How prove this equation $\alpha=\aleph_{0}\alpha$ Question:

let $\alpha$ be a infinite cardinal , show that:
  $$\alpha=\aleph_{0}\alpha$$
  where $\aleph_{0}$ is the cardinality of the natural numbers is denoted aleph-null

this equation is from a book,and I can't prove it,and the author say this is important equation,and can't prove it.Thank you for you help
 A: First of all take well-ordered set — every non-empty subset has a least element.
Then, for every (with the exception of the greatest element) element $x$ there is the "next" element $x+1$ — the least of all which are greater than $x$.
For some elements there may be no predecessor — let us call them limit elements (or points).
And every element of a well-ordered set has a form $x=a+n$ where $a$ is a limit element, $n$ is a natural number and $+$ means the same as above.  
OK, now Zermelo's theorem, which is equivalent to an axiom of choice, every set can be well-ordered.  
Also, $|\mathbb N \times \mathbb N|=|\mathbb N|$.
And we want to prove that for infinite $A:\;A\times \mathbb N$ equinumerous to $A$.
$A$ could be well-ordered, then $A$ is equinumerous to $B\times \mathbb N$ where $B$ is the set of all limit elements.
And we have $|A\times\mathbb N|=|(B\times \mathbb N)\times\mathbb N|=|B\times(\mathbb N\times\mathbb N)|=|B\times\mathbb N|=|A|$.
A: Recall that $\aleph_\alpha$ is the cardinality of the $\alpha$-th [infinite] initial ordinal, denoted by $\omega_\alpha$.
For this proof you will need an extra fact:

If $\alpha$ is an uncountable ordinal then $|\alpha|=|\{\delta<\alpha\mid\delta\text{ is a limit ordinal}\}|$.

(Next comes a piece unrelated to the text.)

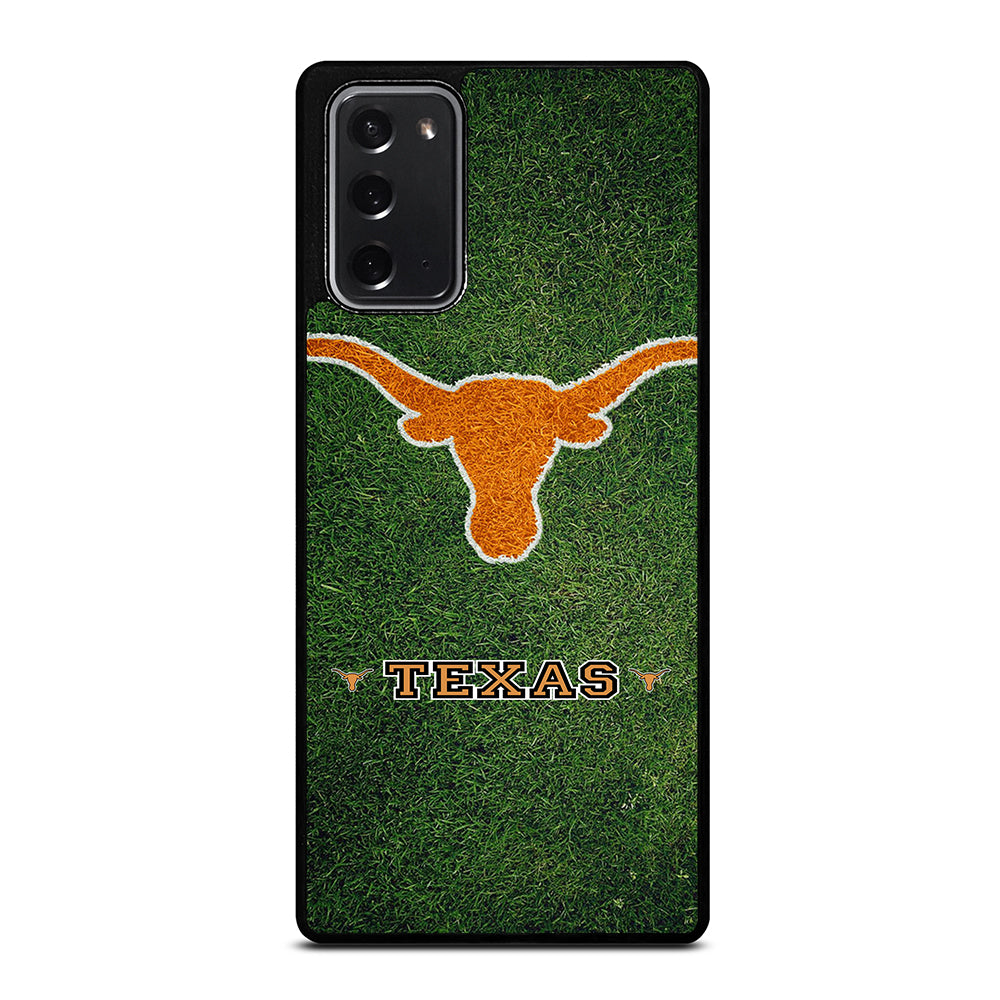 TEXAS LONGHORNS LOGO Samsung Galaxy Note 20 Case Cover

If $\alpha=0$ then you can prove directly that $\aleph_0\cdot\aleph_0=\aleph_0$ by using a pairing function.
Now define an equivalence relation on the ordinals below $\omega_\alpha$, $\xi\sim\zeta$ if there are only finitely many ordinals between $\xi$ and $\zeta$. I will leave you to verify that this is an equivalence relation. $\omega_\alpha$ is well-ordered, each equivalence class has a least element, and it is a limit ordinal, or zero. Otherwise its predecessor is in the same equivalence class, which is a contradiction to the minimality. And of course, different limit ordinals cannot be in the same equivalence class, because they have infinitely many ordinals between them.
So we have $\aleph_\alpha$ equivalence classes; and $\aleph_0$ points in each of the classes. Therefore $|\omega_\delta|=\aleph_\alpha\cdot\aleph_0$. Note that the axiom of choice wasn't used here, because we have a canonical ordering of each equivalence class.
Now. How to prove the fact? Usually the proof goes through defining the above equivalence relation and using the fact that $\aleph_0\cdot\aleph_\alpha=\aleph_\alpha$. So we can't really use that here. But we can use transfinite induction. It suffices to prove this for the initial ordinals, because every limit ordinal which is not an initial ordinal is either countable, or equipotent with its initial ordinal.
Suppose that for $\alpha$ it is true that for all $\beta<\alpha$, either $\beta=0$ or there are $\aleph_\beta$ limit ordinals below $\omega_\beta$. Then it holds that $\aleph_0\cdot\aleph_\beta=\aleph_\beta$ for those $\beta$'s.
By contradiction there are less than $\aleph_\alpha$ limit ordinals below $\omega_\alpha$, then there is some $\beta<\alpha$ such that $|\{\delta<\omega_\alpha\mid\delta\text{ is a limit ordinal}\}|=\aleph_\beta$. Consider the above equivalence relation defined on $\omega_\alpha$, then it only has $\aleph_\beta$ equivalence classes, and therefore $\aleph_\beta=\aleph_\beta\cdot\aleph_0=\aleph_\alpha$, but $\beta<\alpha$ and that is impossible. $\square$
So at the end we have to resort to transfinite recursion if we want to use the structure of ordinals, but it's just a scary term, it's not that scary once you understand this extremely useful technique.

Now, using the axiom of choice if $\alpha$ is an infinite cardinal then it is an $\aleph$ number. However, some people define "cardinal" as an $\aleph$ number to begin with, in which case you don't use the axiom of choice.
In the general form, where cardinal need not be an $\aleph$ number, it is consistent with the failure of the axiom of choice that there are cardinals which do not satisfy this property.